14.1 Learning objectives

  • Review FAIR and CARE Principles, and their relevance to data ethics
  • Examine how ethical considerations are shared and considered at the Arctic Data Center
  • Discuss ethical considerations in machine learning

14.2 Intro to Data Ethics

To recap, the Arctic Data Center is an openly-accessible data repository and the data published through the repository is open for anyone to reuse, subject to conditions of the license (at the Arctic Data Center, data is released under one of two licenses: CC-0 Public Domain and CC-By Attribution 4.0). In facilitating use of data resources, the data stewardship community has converged on principles surrounding best practices for open data management.

Two principles that the Arctic Data Center explicitly adopts are FAIR Principles (Findable, Accessible, Interoperable, and Reproducible) and CARE Principles for Indigenous Governance (Collective Benefit, Authority to Control, Responsibility, Ethics).

FAIR and CARE principles are relevant in the context of data ethics for multiple reasons. FAIR speaks to how metadata is managed, stored, and shared.

FAIR principles and open science are overlapping concepts, but are distinctive from one another. Open science supports a culture of sharing research outputs and data, and FAIR focuses on how to prepare the data. The FAIR principles place emphasis on machine readability, “distinct from peer initiatives that focus on the human scholar” (Wilkinson et al 2016) and as such, do not fully engage with sensitive data considerations and with Indigenous rights and interests (Research Data Alliance International Indigenous Data Sovereignty Interest Group, 2019). Metadata can be FAIR but not open. For example, sensitive data (data that contains personal information) may not be appropriate to share, however sharing the anonymized metadata that is easily understandable will reduce research redundancy.
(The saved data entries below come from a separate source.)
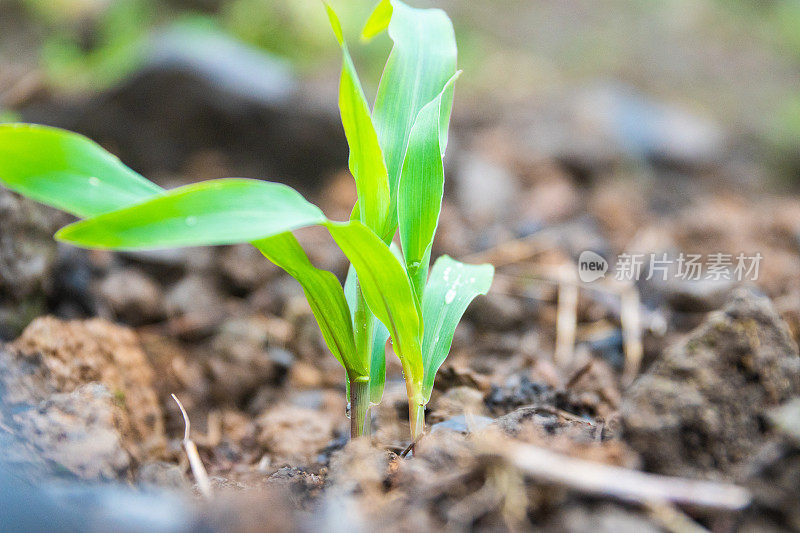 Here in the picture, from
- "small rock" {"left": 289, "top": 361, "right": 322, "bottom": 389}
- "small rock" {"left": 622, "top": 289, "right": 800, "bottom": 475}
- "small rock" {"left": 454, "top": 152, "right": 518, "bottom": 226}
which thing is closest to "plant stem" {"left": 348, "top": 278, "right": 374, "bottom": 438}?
"small rock" {"left": 622, "top": 289, "right": 800, "bottom": 475}

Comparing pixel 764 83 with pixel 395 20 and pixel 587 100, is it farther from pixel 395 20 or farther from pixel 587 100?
pixel 395 20

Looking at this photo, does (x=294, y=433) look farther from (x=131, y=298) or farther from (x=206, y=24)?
(x=206, y=24)

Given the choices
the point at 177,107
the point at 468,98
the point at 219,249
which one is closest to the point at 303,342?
the point at 219,249

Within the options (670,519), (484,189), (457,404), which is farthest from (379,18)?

Research has historically perpetuated colonialism and represented extractive practices, meaning that the research results were not mutually beneficial. These issues also related to how data was owned, shared, and used. To address issues like these, the Global Indigenous Data Alliance (GIDA) introduced CARE Principles for Indigenous Data Governance to support Indigenous data sovereignty. CARE Principles speak directly to how the data is stored and shared in the context of Indigenous data sovereignty. CARE Principles stand for:

  • Collective Benefit - Data ecosystems shall be designed and function in ways that enable Indigenous Peoples to derive benefit from the data

  • Authority to Control - Indigenous Peoples’ rights and interests in Indigenous data must be recognized and their authority to control such data be empowered. Indigenous data governance enables Indigenous Peoples and governing bodies to determine how Indigenous Peoples, as well as Indigenous lands, territories, resources, knowledges and geographical indicators, are represented and identified within data.

  • Responsibility - Those working with Indigenous data have a responsibility to share how those data are used to support Indigenous Peoples’ self-determination and collective benefit. Accountability requires meaningful and openly available evidence of these efforts and the benefits accruing to Indigenous Peoples.

  • Ethics - Indigenous Peoples’ rights and wellbeing should be the primary concern at all stages of the data life cycle and across the data ecosystem. To many, the FAIR and CARE principles are viewed by many as complementary: CARE aligns with FAIR by outlining guidelines for publishing data that contributes to open-science and at the same time, accounts for Indigenous’ Peoples rights and interests.

14.3 Ethics at the Arctic Data Center

Transparency in data ethics is a vital part of open science. Regardless of discipline, various ethical concerns are always present, including professional ethics such as plagiarism, false authorship, or falsification of data, to ethics regarding the handling of animals, to concerns relevant to human subjects research. As the primary repository for the Arctic program of the National Science Foundation, the Arctic Data Center accepts Arctic data from all disciplines. Recently, a new submission feature was released which asks researchers to describe the ethical considerations that are apparent in their research. This question is asked to all researchers, regardless of disciplines.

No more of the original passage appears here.